===== Data extract

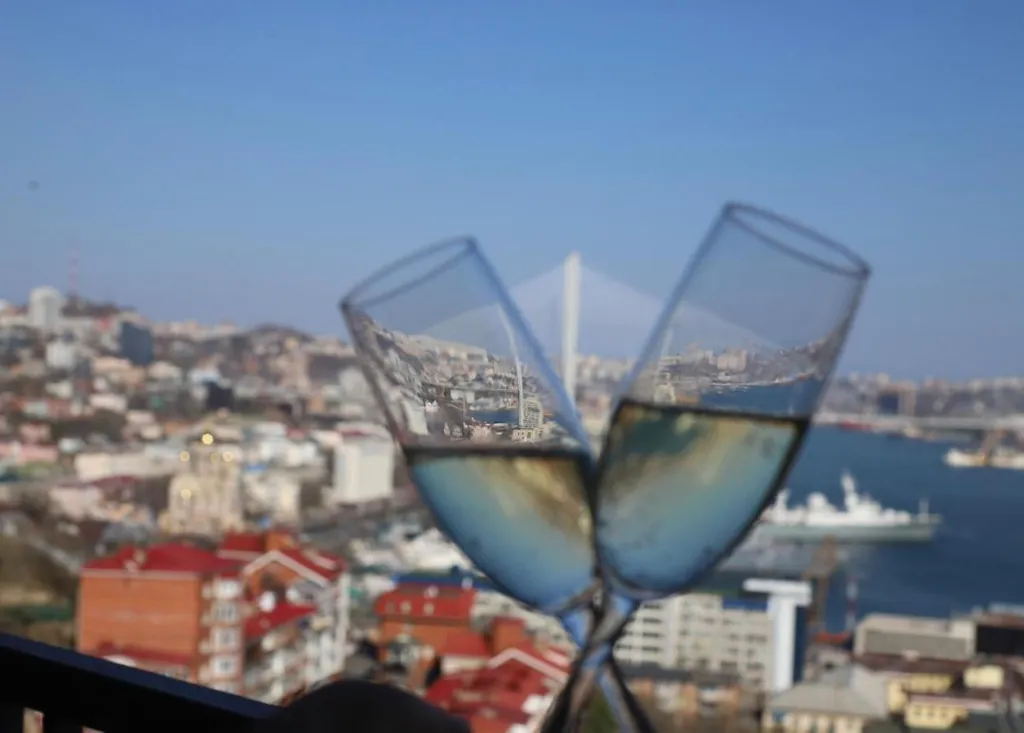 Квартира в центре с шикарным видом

==========
===== Data extract

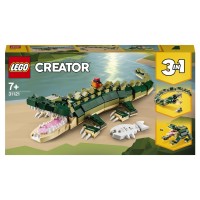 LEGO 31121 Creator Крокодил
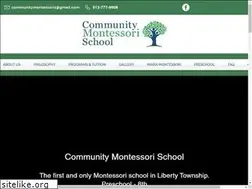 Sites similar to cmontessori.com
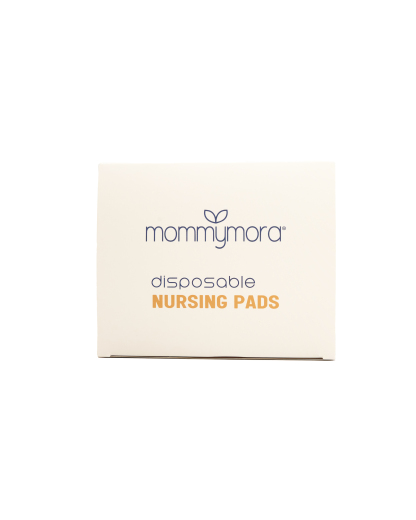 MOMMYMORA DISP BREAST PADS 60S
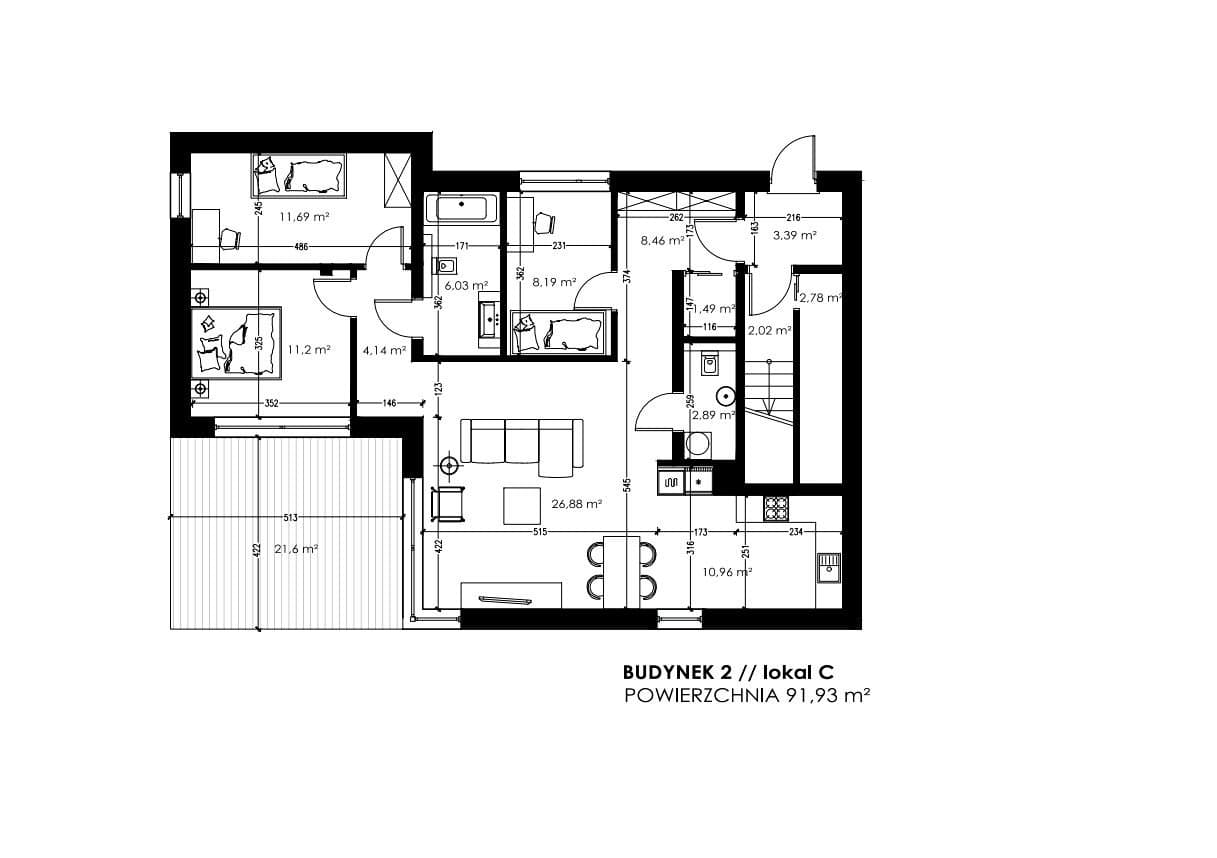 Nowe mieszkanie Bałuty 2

==========

Task to carry out:
Go down the entries above from the line containing "LEGO 31121 Creator Крокодил" to the line containing "Nowe mieszkanie Bałuty 2" and write out each line exactly, leaving pictures out.

Response box:
 LEGO 31121 Creator Крокодил
 Sites similar to cmontessori.com
 MOMMYMORA DISP BREAST PADS 60S
 Nowe mieszkanie Bałuty 2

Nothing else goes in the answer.